La base imponibile su cui calcolare l’Ivie, pari allo 0,76%, è il costo risultante dall’atto di acquisto, anche a titolo di donazione o di successione e, in assenza, il valore di mercato rilevabile nel luogo in cui è situato l’immobile. In luogo dell’aliquota dello 0,76% è prevista un’aliquota agevolata dello 0,4% per le abitazioni principali all’estero: ipotesi difficilmente conciliabile con la residenza fiscale in Italia e, di fatto, raramente applicabile. Sulla base dei dati disponibili delle statistiche fiscali del dipartimento Finanze relativi all’ Ivie nell’anno d’imposta 2019 (modello Redditi 2020), circa 105.500 soggetti hanno dichiarato di detenere immobili all’estero per un valore di circa 26,7 miliardi di euro , valore allineato all’anno precedente. L’Ivie teorica avrebbe dovuto raggiungere circa 202 milioni, in effetti quella dichiarata ammonta a circa 77,8 milioni di euro, ossia circa un terzo: differenza giustificabile se non altro per le deduzioni riconosciute. Inoltre il valore di 26,7 miliardi di euro potrebbe essere sottostimato all’effettivo valore di beni immobili detenuti all’estero stimabile in circa 50 miliardi.
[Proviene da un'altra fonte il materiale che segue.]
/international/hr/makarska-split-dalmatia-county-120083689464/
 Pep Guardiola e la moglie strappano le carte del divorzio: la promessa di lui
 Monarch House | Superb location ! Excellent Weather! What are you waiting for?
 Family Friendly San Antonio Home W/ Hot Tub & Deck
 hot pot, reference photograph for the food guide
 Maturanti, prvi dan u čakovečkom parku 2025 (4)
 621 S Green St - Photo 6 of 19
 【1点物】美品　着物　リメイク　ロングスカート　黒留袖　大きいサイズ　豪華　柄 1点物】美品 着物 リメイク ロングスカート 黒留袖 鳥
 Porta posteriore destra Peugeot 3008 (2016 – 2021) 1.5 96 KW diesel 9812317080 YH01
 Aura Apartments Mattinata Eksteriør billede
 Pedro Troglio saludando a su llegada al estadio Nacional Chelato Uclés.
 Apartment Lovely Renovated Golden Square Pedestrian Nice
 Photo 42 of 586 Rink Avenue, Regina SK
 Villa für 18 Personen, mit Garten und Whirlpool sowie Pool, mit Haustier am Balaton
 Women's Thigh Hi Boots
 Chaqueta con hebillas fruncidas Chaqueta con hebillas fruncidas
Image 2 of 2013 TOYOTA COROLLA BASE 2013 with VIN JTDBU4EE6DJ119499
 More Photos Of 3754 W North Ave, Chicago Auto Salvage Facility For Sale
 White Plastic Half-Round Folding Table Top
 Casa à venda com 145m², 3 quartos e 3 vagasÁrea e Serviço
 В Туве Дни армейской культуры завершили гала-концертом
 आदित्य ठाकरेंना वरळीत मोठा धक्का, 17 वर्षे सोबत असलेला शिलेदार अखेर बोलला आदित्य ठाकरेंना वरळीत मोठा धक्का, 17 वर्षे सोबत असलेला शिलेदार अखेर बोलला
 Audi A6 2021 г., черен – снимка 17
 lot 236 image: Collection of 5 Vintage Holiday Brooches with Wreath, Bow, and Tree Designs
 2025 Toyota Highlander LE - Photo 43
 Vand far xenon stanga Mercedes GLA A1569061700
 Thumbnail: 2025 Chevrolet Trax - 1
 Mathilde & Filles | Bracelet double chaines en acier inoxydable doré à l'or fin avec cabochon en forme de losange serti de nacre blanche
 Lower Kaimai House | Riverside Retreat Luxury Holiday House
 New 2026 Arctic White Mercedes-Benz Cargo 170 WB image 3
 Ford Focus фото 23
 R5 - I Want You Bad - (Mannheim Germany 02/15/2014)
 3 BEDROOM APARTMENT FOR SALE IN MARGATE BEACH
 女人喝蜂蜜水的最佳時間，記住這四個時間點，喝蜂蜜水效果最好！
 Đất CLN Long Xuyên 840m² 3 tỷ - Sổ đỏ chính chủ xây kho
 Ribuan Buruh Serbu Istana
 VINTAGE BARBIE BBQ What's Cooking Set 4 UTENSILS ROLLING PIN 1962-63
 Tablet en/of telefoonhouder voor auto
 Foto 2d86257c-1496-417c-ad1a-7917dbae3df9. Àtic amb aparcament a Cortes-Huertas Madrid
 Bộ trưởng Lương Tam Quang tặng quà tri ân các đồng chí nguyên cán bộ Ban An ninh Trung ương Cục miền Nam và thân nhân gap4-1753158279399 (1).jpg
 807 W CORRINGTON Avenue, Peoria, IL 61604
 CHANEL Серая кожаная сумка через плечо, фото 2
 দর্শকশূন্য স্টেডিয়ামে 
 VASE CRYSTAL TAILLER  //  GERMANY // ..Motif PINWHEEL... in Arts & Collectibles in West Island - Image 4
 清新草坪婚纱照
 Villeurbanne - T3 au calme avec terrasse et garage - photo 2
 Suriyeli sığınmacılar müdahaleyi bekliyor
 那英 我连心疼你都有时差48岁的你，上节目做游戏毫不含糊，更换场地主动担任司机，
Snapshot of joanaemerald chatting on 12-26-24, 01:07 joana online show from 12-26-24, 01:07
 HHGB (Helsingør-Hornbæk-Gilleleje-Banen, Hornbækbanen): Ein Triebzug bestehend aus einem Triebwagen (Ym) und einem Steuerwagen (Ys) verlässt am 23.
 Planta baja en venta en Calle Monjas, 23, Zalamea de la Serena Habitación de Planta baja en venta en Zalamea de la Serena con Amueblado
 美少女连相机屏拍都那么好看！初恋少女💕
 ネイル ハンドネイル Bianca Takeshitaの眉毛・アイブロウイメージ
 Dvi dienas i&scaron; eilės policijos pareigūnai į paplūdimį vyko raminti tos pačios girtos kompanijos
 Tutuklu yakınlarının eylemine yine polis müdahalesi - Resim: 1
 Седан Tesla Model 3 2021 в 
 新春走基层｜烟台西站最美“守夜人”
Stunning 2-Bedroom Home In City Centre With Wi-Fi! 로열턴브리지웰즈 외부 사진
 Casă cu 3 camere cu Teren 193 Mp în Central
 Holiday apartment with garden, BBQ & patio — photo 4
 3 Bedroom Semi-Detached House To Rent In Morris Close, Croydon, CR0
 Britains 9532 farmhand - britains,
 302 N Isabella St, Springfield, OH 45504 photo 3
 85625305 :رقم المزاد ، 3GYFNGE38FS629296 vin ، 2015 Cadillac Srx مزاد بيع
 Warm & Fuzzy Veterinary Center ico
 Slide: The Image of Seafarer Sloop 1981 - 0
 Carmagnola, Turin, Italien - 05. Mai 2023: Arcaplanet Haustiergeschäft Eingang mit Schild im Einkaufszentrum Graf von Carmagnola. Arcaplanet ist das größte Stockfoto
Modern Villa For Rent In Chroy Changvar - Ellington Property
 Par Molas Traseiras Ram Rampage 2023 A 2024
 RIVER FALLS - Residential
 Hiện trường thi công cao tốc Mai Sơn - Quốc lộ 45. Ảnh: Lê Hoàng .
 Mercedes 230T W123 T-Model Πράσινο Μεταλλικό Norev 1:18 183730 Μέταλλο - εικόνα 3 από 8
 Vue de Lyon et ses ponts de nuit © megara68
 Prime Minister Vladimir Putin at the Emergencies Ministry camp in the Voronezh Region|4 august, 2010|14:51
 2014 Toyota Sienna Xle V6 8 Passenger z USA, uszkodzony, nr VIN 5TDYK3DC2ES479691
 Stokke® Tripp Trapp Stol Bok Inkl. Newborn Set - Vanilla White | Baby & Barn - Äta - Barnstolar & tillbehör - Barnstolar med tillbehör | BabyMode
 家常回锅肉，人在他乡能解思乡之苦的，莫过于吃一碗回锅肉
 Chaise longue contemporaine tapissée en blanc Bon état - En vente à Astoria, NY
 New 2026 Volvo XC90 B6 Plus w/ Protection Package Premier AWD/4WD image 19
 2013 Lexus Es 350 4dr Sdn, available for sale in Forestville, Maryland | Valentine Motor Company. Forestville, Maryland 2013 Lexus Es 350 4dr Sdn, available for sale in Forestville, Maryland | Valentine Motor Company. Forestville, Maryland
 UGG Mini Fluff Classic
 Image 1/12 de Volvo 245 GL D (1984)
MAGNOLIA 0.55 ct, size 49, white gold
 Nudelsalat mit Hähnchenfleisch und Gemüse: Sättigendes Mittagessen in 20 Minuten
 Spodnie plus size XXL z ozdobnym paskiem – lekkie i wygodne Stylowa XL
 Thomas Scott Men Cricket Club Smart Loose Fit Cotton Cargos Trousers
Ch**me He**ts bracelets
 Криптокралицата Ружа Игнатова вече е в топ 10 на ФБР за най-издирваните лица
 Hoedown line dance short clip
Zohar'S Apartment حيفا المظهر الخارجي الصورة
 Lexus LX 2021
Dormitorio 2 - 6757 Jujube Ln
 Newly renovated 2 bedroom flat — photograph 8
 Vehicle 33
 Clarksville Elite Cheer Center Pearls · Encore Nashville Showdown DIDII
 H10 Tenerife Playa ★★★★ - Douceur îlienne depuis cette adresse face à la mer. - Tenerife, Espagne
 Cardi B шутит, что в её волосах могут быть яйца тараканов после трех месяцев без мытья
Per gli immobili situati in Europa o nei Paesi aderenti alla See è inoltre possibile fare riferimento al valore catastale sempre che nello Stato estero esista tale valore.

Per la Francia, principale paese destinatario degli investimenti immobiliari dei residenti in Italia, la circolare 28/E/2012 ammette la possibilità di determinare la base imponibile ai fini Ivie applicando il moltiplicatore 160 al reddito medio ordinario (Rmo) pari al 50% della base imponibile ai fini della taxe d’habitation. Sulla base di comparazioni di fatto il valore risultante supera quasi sempre il valore alternativo ai fini Ivie.

Per un elenco dei valori utilizzabili e delle imposte di natura similare all’Ivie da poter detrarre, è possibile fare riferimento alla lista individuata nella citata circolare dalla quale emerge, ad esempio, che per gli immobili in Francia sono accreditabili la taxe foncière e l’imposta sulla fortuna immobiliare.

Dai criteri utilizzati emerge come un identico investimento immobiliare possa subire tassazioni sensibilmente diverse da un Paese all’altro e, per i Paesi che non applicano un valore espressivo del reddito medio ordinario, una grave disparità di trattamento per chi ha acquistato in epoche diverse, disparità che pare rimanere anche nel caso della Francia pur potendo fare riferimento al Rmo.

Dato che l’Ivie è dovuta dall’usufruttuario, commisurandosi al valore dichiarato nell’atto, la separazione tra usufrutto e nuda proprietà permette di abbattere sensibilmente la base imponibile Ivie, in particolare se l’usufruttuario ha un’età avanzata. Questo “beneficio” fiscale non è invece concesso nel caso di immobile sito in Italia, dove l’Imu ha come base di riferimento il valore catastale, non influenzato dalla separazione della proprietà tra usufrutto e nuda proprietà: trattasi di una delle molteplici divaricazioni tra Ivie e Imu.